If you transfer these lines into local scope, your objects will no longer have static storage duration. They will become local variables. The aforementioned restriction does not apply to local variables, which is why your declarations will compile without any problems. However, if you add the keyword static to the above declarations, the error will reappear even in local scope.

Answer 3

C's constant is not actually a "constant" as we expected. It is an indicator to the compiler that the variable's content could not be changed. The initialize needs to be constant expressions or string literals.

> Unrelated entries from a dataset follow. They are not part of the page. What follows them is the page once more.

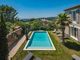 Thumbnail Villa for sale in Gordes, The Luberon / Vaucluse, Provence - Var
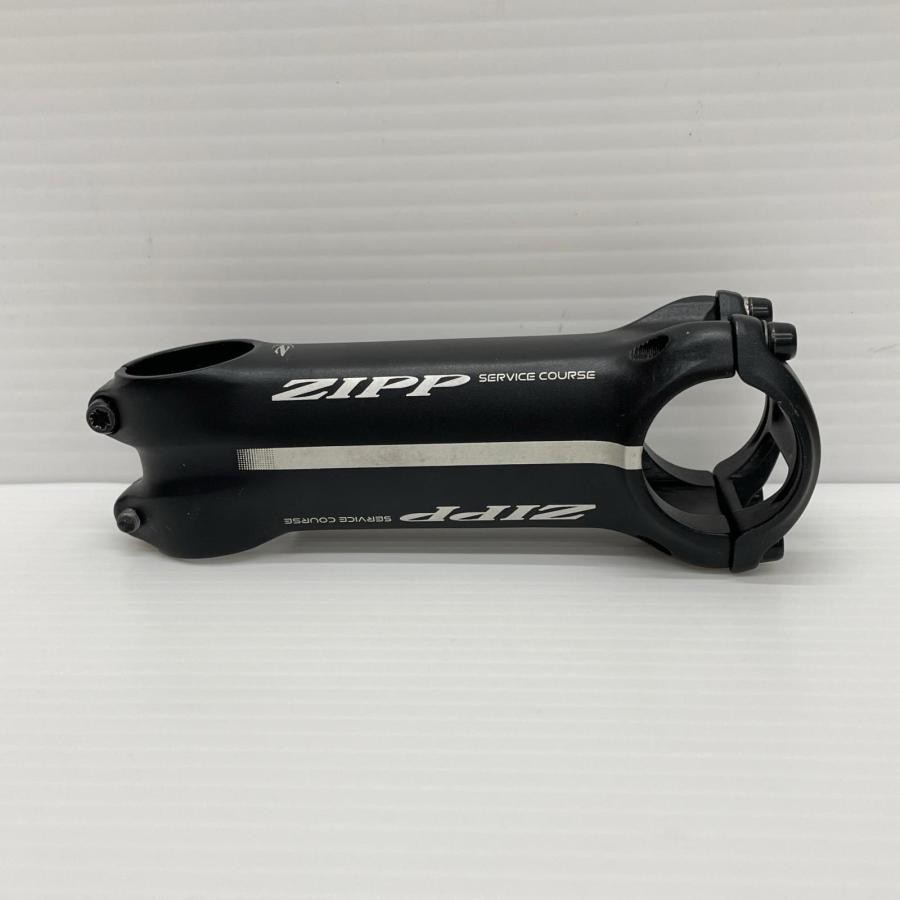 ZIPP ZIP CYCLE STEM 110mm φ31.8 ±6° 2011
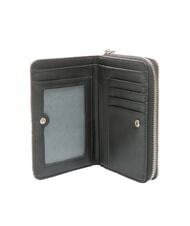 GATTINONI PLANETARIUM Portofel mediu pentru monede - Portofele femei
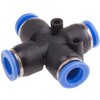 916-0937 RS PRO �G�A�p�� ���� RS PRO 09887696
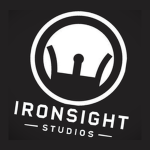 IronSight Studios.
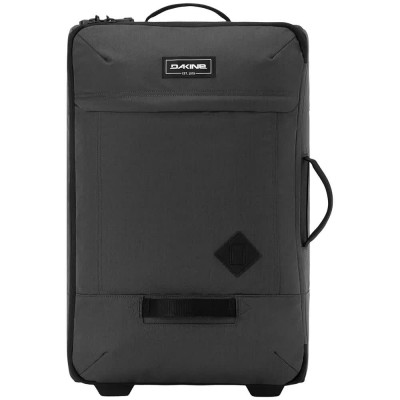 сак,сакове,dakine,365,carry,on,lt,40l,duffle,bag,black,(carbon,heather)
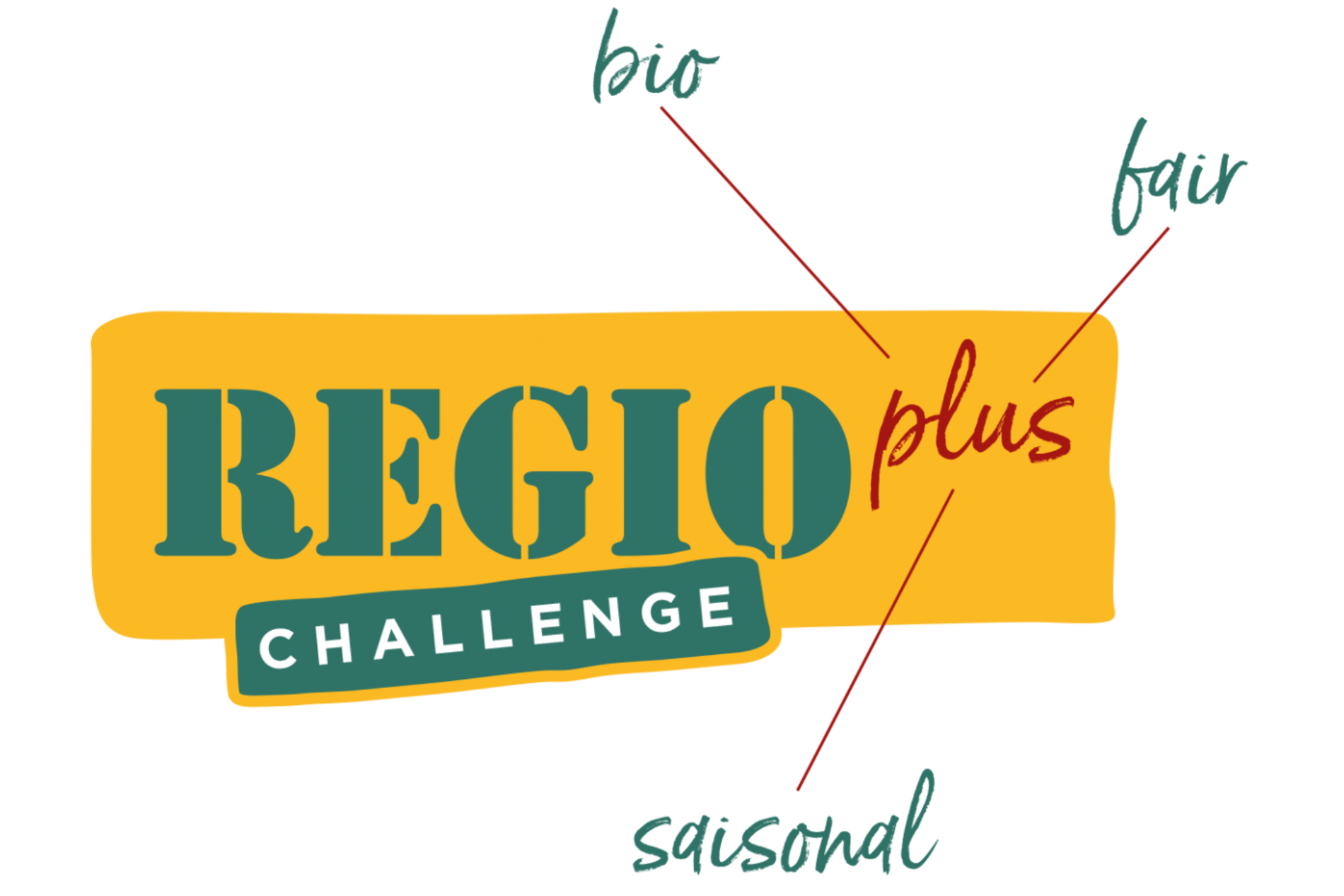 RegioChallenge_Logo_Foto_Gerhard_Illig.png
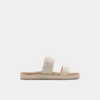 Lagoon Slide sandal, Footbed sandal Lagoon Slide sandal, Footbed sandal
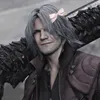 wnf_dante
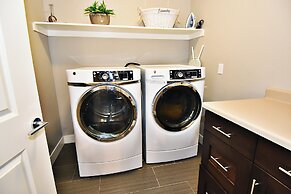 Entrada at Moab 424 and 428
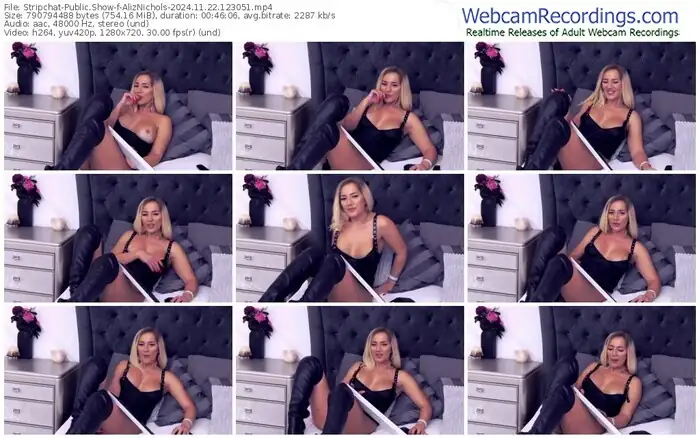 2024/11/22/stripchat-aliznichols-12-30-51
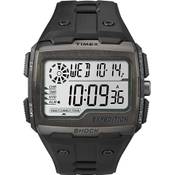 Timex Expedition Grid Shock TW4B02500 Vergleich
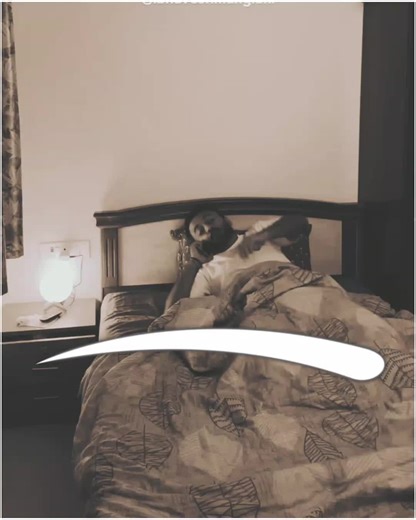 Funniest Moments with Papa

The closest thing to a constant in C is using enum or #define, e.g.

 enum {
    SCREEN_W = 480,
    SCREEN_H = 480,
    PLAYER_H_WIDTH = 50,
    PLAYER_H_HEIGHT = 12,
    BUFFER = 14,
    LEFT_BUFFER = PLAYER_H_WIDTH+BUFFER,
    RIGHT_BUFFER = SCREEN_W-LEFT_BUFFER
 };

I would use enum as far as I could.

Answer 4

use The #define directive preprocessor if you want to avoid this error !

const int SCREEN_W = 480;
const int SCREEN_H = 480;
const int PLAYER_H_WIDTH = 50;
const int PLAYER_H_HEIGHT = 12;
const int BUFFER = 14;
#define  LEFT_BUFFER  PLAYER_H_WIDTH + BUFFER
#define  RIGHT_BUFFER  SCREEN_W - LEFT_BUFFER

The #define directive is a preprocessor directive; the preprocessor replaces those macros by their body before the compiler even sees it. Think of it as an automatic search and replace of your source code.

But a constant defined with the const qualifier is best thought of as an unmodifiable variable. It has all the properties of a variable: it has a type, it has a size, it has linkage, you can take its address.

for this the compiler can't compile the assignment of const variable to another, because the assigned variable is not a constant expression.